Fire investigators are working to answer that question and have asked for the help of the state electrical inspector, Sgt. Tim York of the State Fire Marshal’s Office said Thursday.
Francis, who purchased and moved into the farmhouse on Oct. 1 with his girlfriend and the couple’s 3-year-old daughter, said he is relieved no one was hurt in the blaze and thanked firefighters, who saved two of the couple’s pets from the flames.
Francis and his girlfriend went home Thursday morning to go through the debris.
“It’s in bad shape,” he said by cell phone. “Nothing is salvageable.”
The fire originated in a storage shed attached to the back part of the house that was accessible only from the outside, the homeowner said.
“It’s part of the main house,” he said. “Above it was a bedroom. It was a cold room” that had “Christmas stuff in storage containers” and other items.
“There was nothing in there,” Francis said. “I didn’t have anything plugged in in there.”
The fire was reported at around 4 p.m. Wednesday and fire crews from Hermon, Newburgh, Bangor and the Maine Air National Guard assisted Hampden. They worked into the night to extinguish the blaze and local firefighters returned to the structure on Thursday morning because a hot spot flared up, Francis said.
The cause of the fire is still unknown, York said.

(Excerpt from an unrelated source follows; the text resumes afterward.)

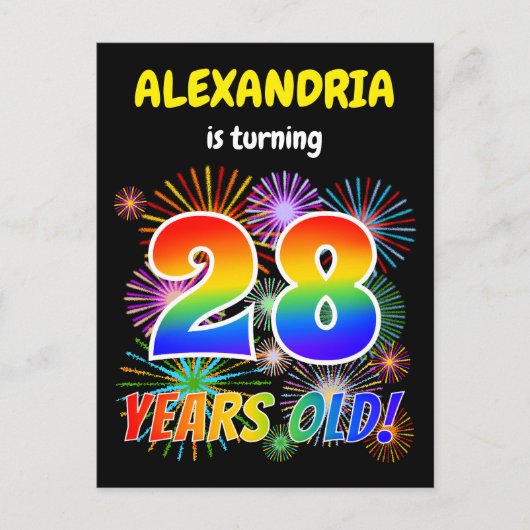28e verjaardag - Leuk vuurwerk, Regenboog look "28 Briefkaart (Voorkant)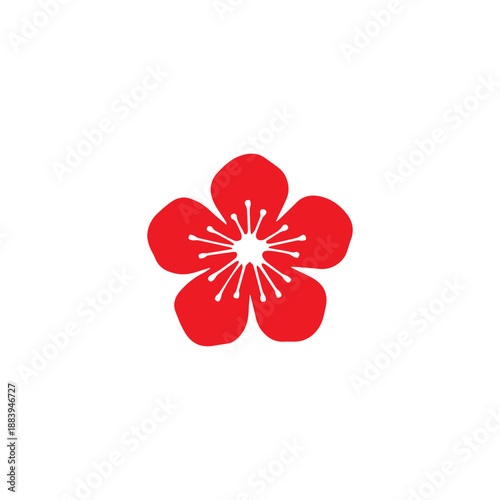 Red Plum Blossom Icon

“We’re having our state electrical inspector come tomorrow to take a look,” he said Thursday. “There is no determination [of cause] at this time. It’s under investigation.”
Francis said he was on his way home from work in Bangor when he saw the thick, black smoke.
“I had just picked up my daughter and I came home” and was stopped by a firefighter at the end of Manning Mill Road near the one-lane bridge leading to the house, he said. The firefighter told him the house at the end of the roadway was on fire.
“I said, ‘Wait a second — that’s my house,’” Francis recalled.
The green, two-story, wood-frame home is insured and the insurance inspector was expected to arrive Thursday, he said.
In addition to the couple and their daughter, “we had a guest staying with us, and she lost her stuff, too,” Francis said.
The Pine Tree Chapter of the American Red Cross is assisting the family while they look for a new place to live, Francis said.
Hampden firefighter Dan Pugsley said fire crews were able to salvage a firearm, a laptop computer and some documents, which were returned to the family.
The family’s cat died in the fire, but firefighters were able to rescue a puppy, Francis said.
“They saved my dog — his name is Remington,” he said. “We got him the day we moved into the house. The betta fish also was alive in his little tank.”